◆ **ABOUT THIS EXERCISE**
Each line from the one with "#50 People crowding" through the end of the records below should be transcribed exactly, and each picture should be skipped.

Extracted data entries:
"""

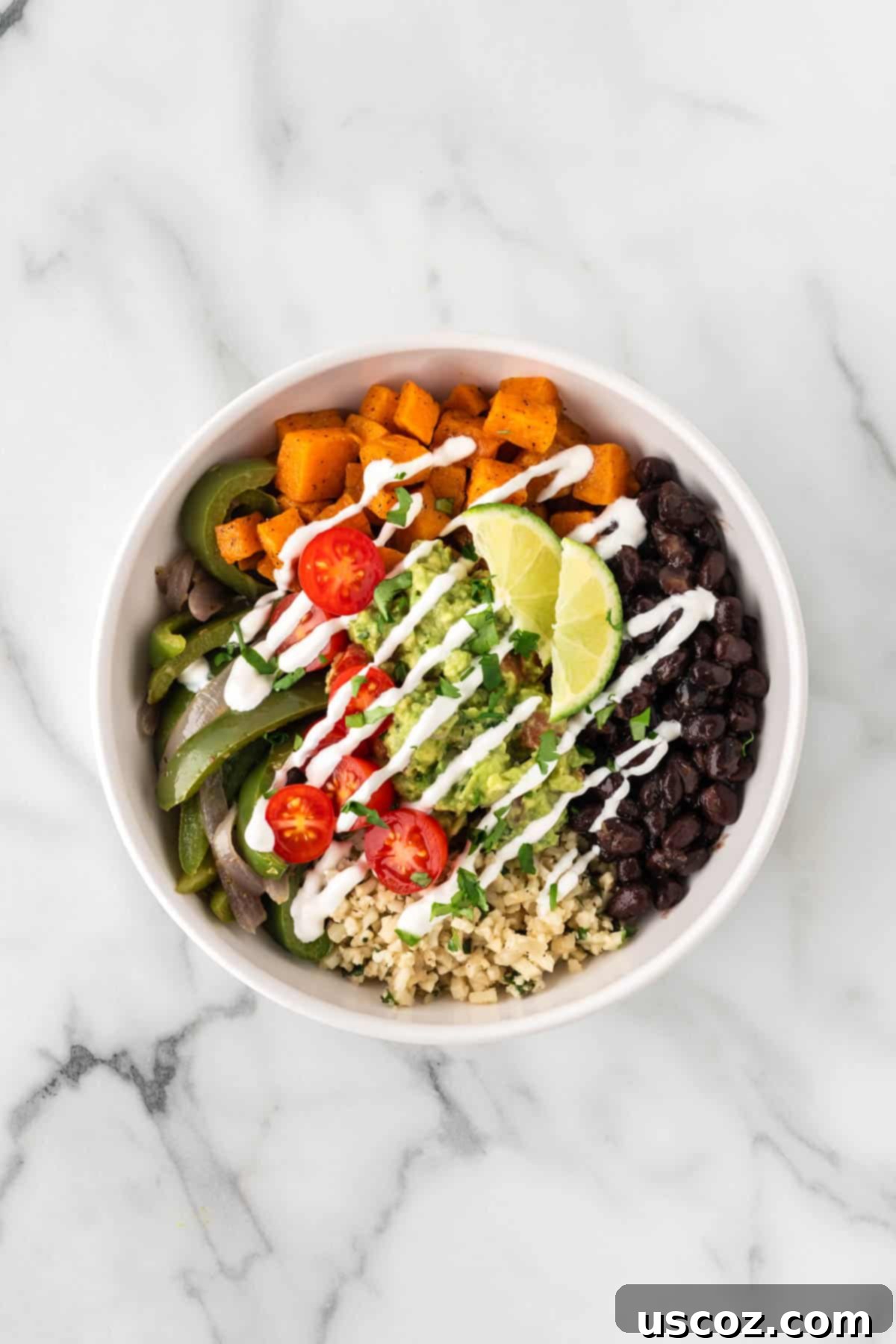 Low-Carb Cauliflower Rice Burrito Bowl 17 Drizzling a creamy sauce, possibly sour cream or vegan crema, over a finished burrito bowl
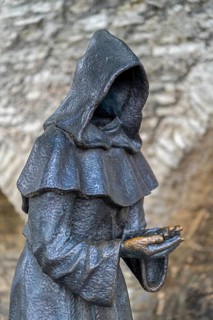 Monk sculpture, one of three bronze statues of faceless monks at the Danish King's Garden in the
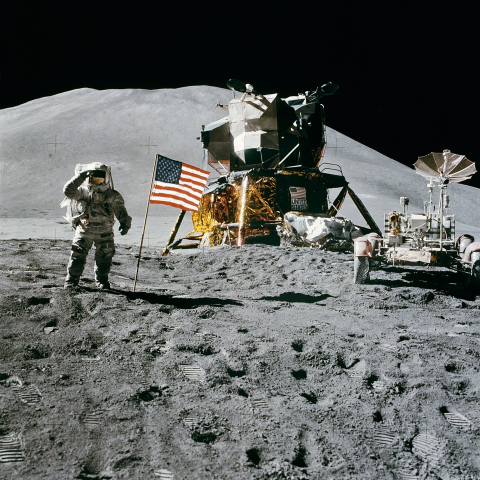 Astronaut saluting the camera next to an American flag in front of a space craft and a lunar rover on the moon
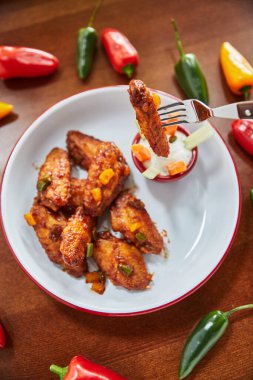 Kızarmış tavuk kanatlı çatal ve soslu tabak ve ahşap masada biber, yakın görüş.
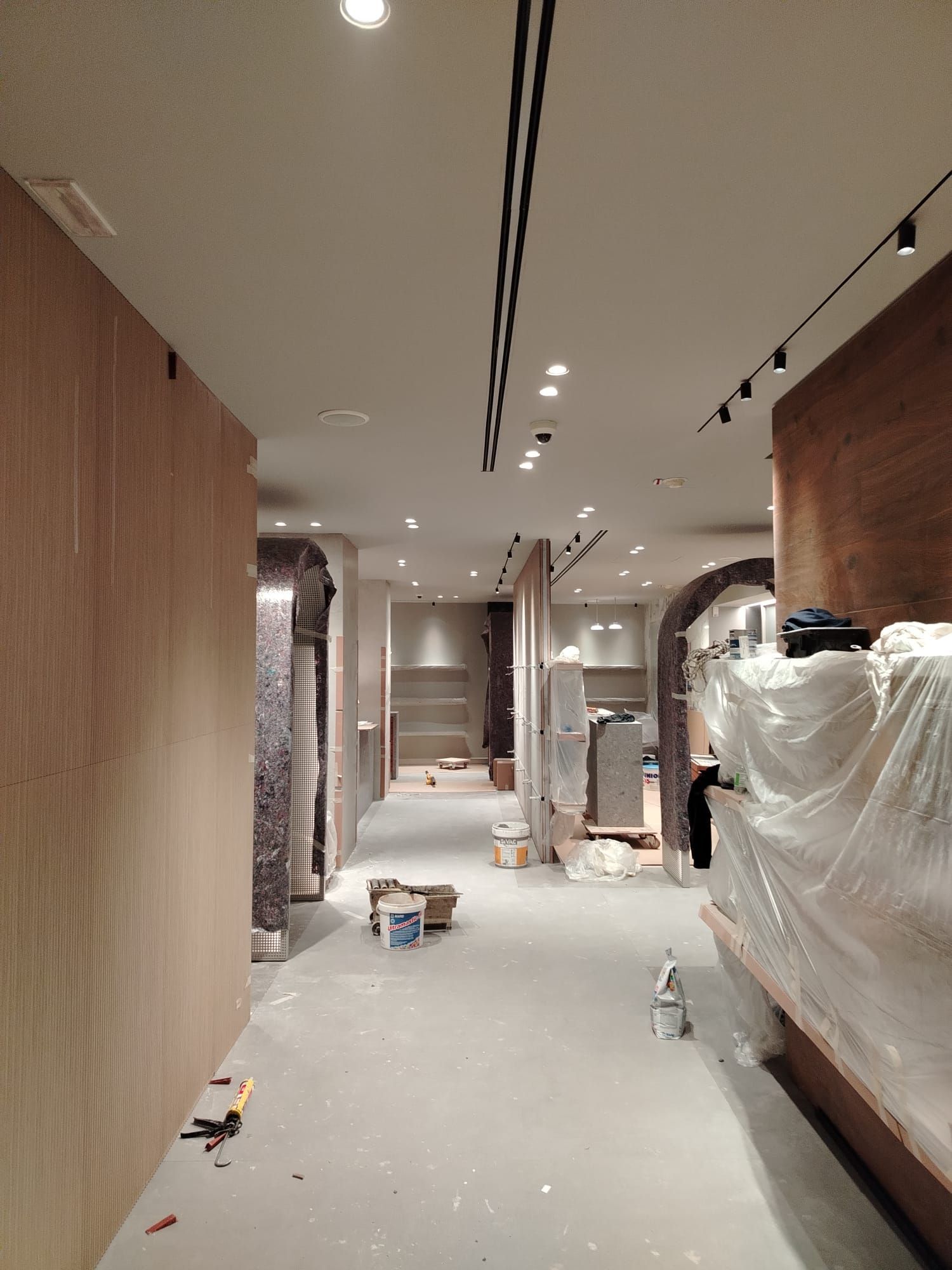 Interno di un negozio in costruzione con pannelli in legno chiaro, illuminazione da incasso e pavimento in cemento.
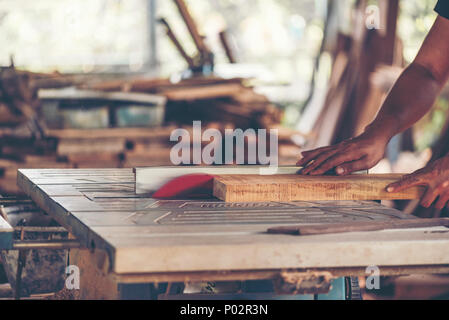 Background image of woodworking workshop: carpenters work table with different tools and wood cutting stand, vintage filter image Stock Photo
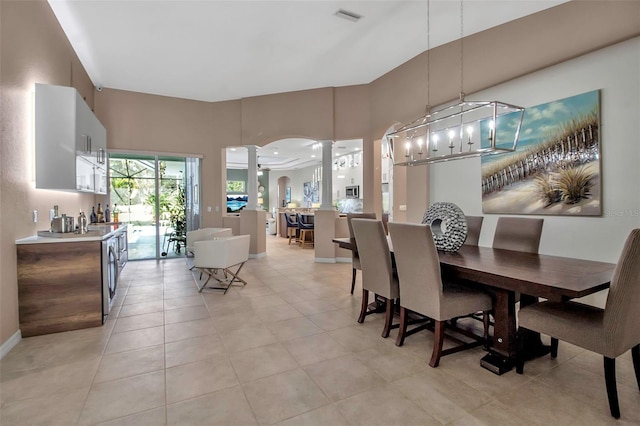 tiled dining space featuring decorative columns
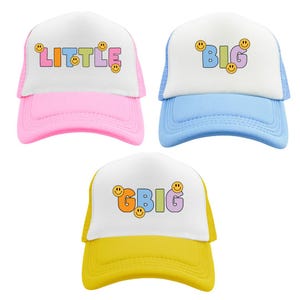 May include: Three trucker hats with a white front panel and a mesh back panel. The hats are pink, blue, and yellow. The front panel of each hat has a different word written in colorful letters with smiley faces. The pink hat says "LITTLE", the blue hat says "BIG", and the yellow hat says "GBIG".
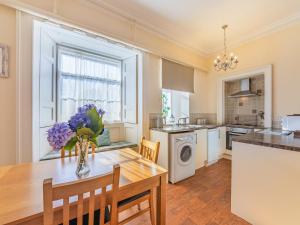 a kitchen and dining room with a table and chairs at The Garden Apartment - Uk48320 in Berwick-Upon-Tweed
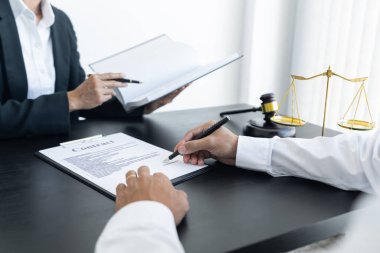 Hukuk, terazi ve çekiç masada. İki adam anlaşma yapıyor ve imzalıyor. Hukuk konuları belirleniyor..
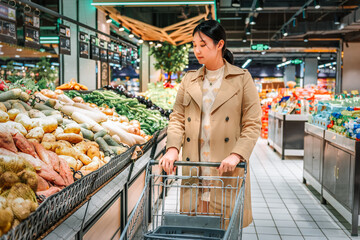 Young Asian woman shopping in supermarket, picking fresh organic vegetables and fruits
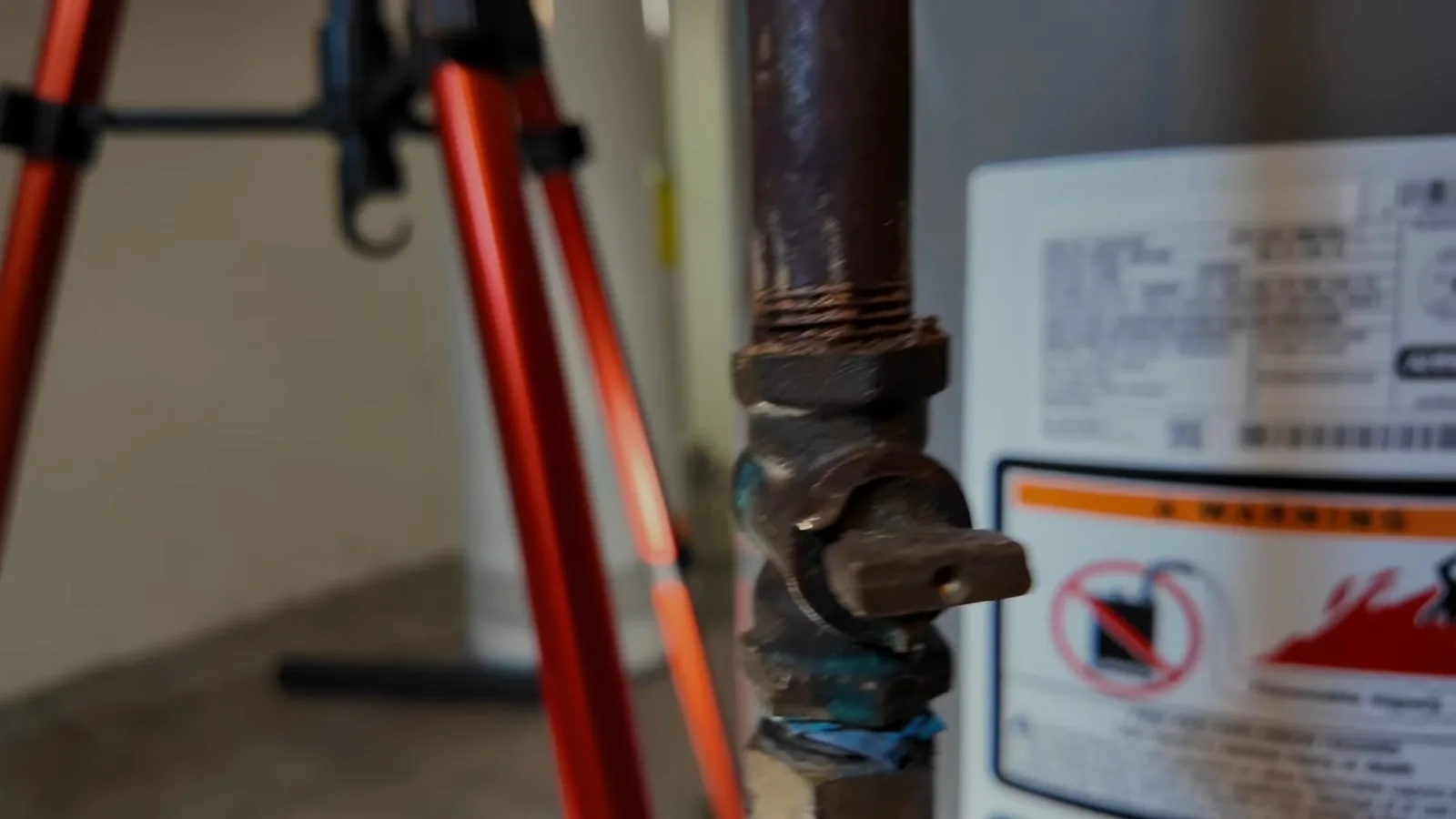 A technician securing a new water heater's gas line during a service visit in Sugar Hill, GA
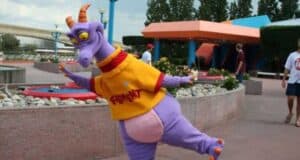 A purple dragon character, reminiscent of Disney changes, wears an orange and yellow shirt and stands playfully on one leg in an outdoor area. With orange horns and a cheerful expression, the lively scene includes people casually walking by planters and colorful structures.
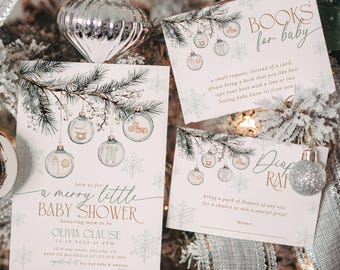 May include: Baby shower invitations and cards with a winter theme. The invitations feature text and illustrations of baby-related items. The cards are decorated with snowflakes and silver ornaments. The background is a decorated Christmas tree.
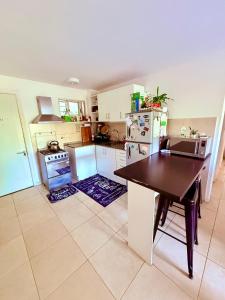 a kitchen with a refrigerator and a table in it at Hermosa habitación privada in Maldonado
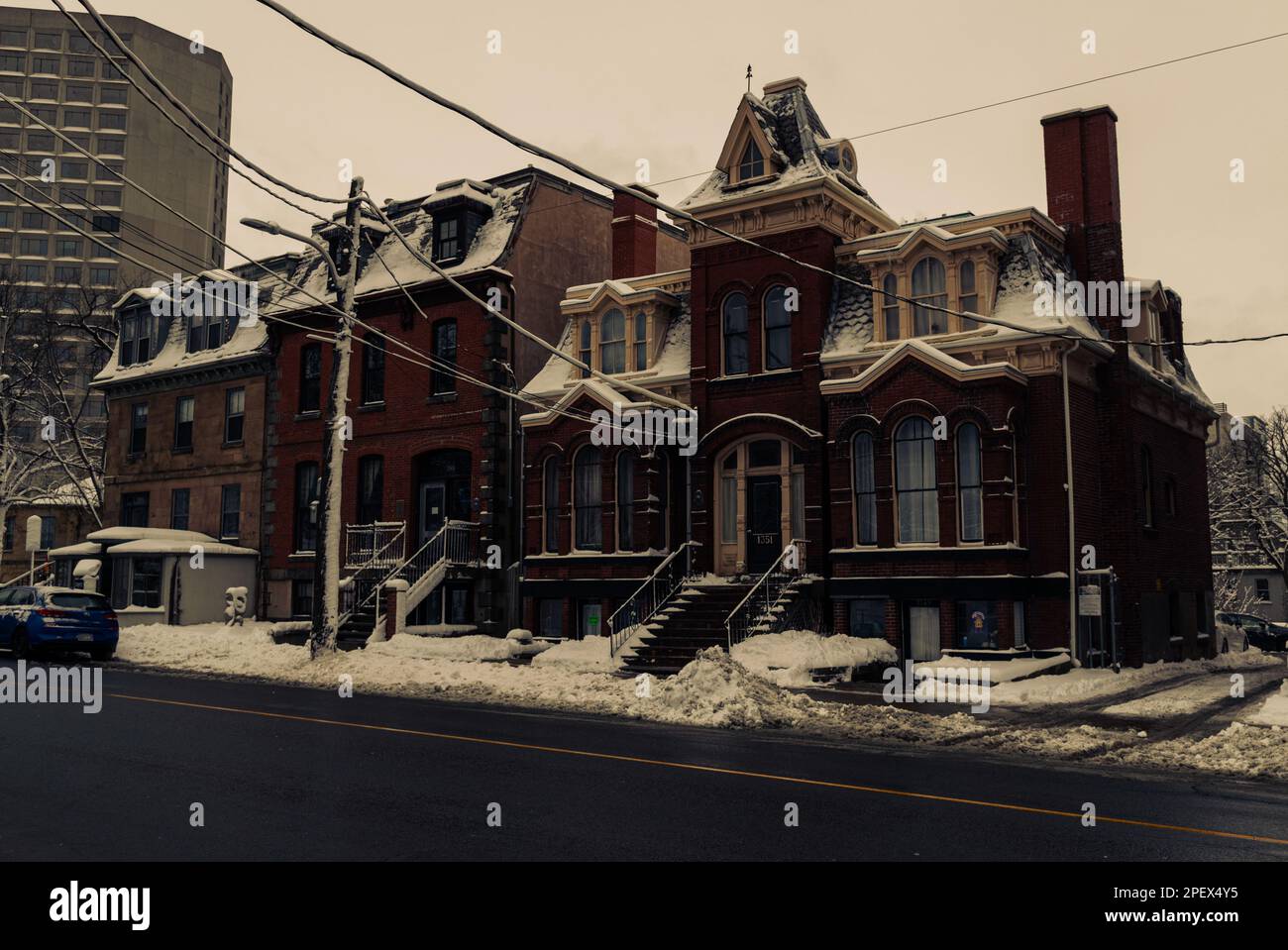 Transizione di stili architettonici della Casa Stoddard (1828), St Matthew's Manse (1874), e Renner-Carney House (1891) edifici su Barrington St Foto Stock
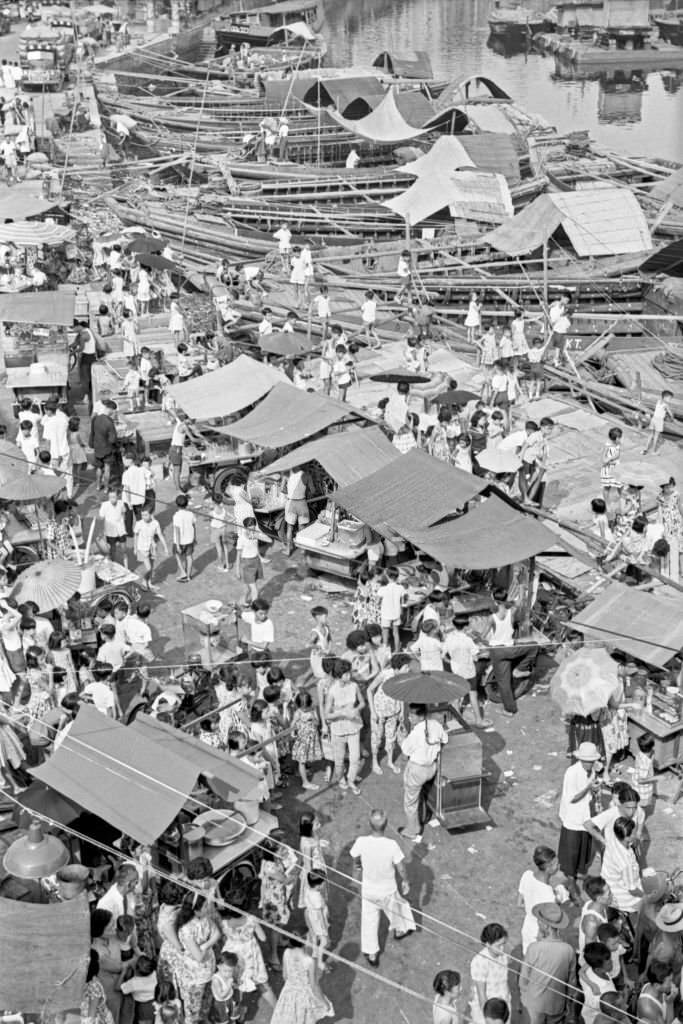 #50 People crowding an outdoor market, Singapore, 1962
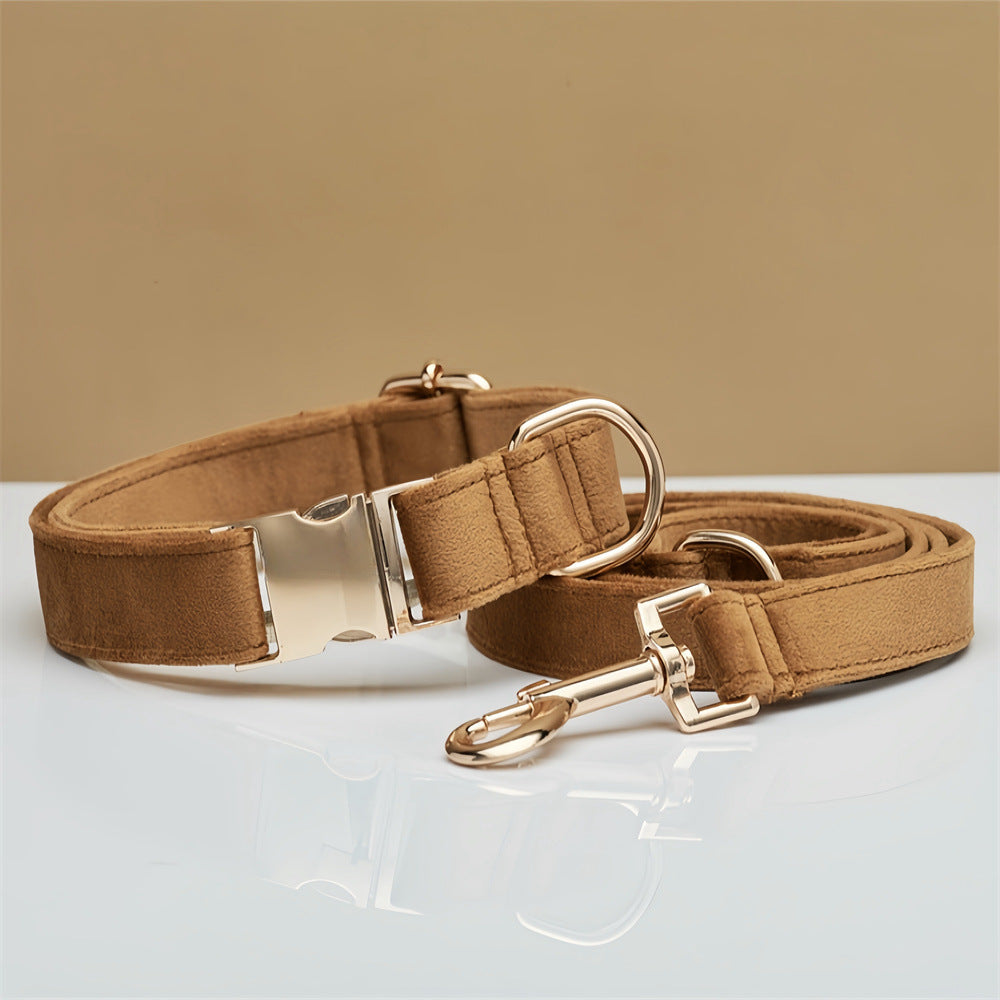 Brown velvet dog collar and matching leash with gold-tone hardware, flat lay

"""

◆ **EXERCISE OUTPUT**
 #50 People crowding an outdoor market, Singapore, 1962
 Brown velvet dog collar and matching leash with gold-tone hardware, flat lay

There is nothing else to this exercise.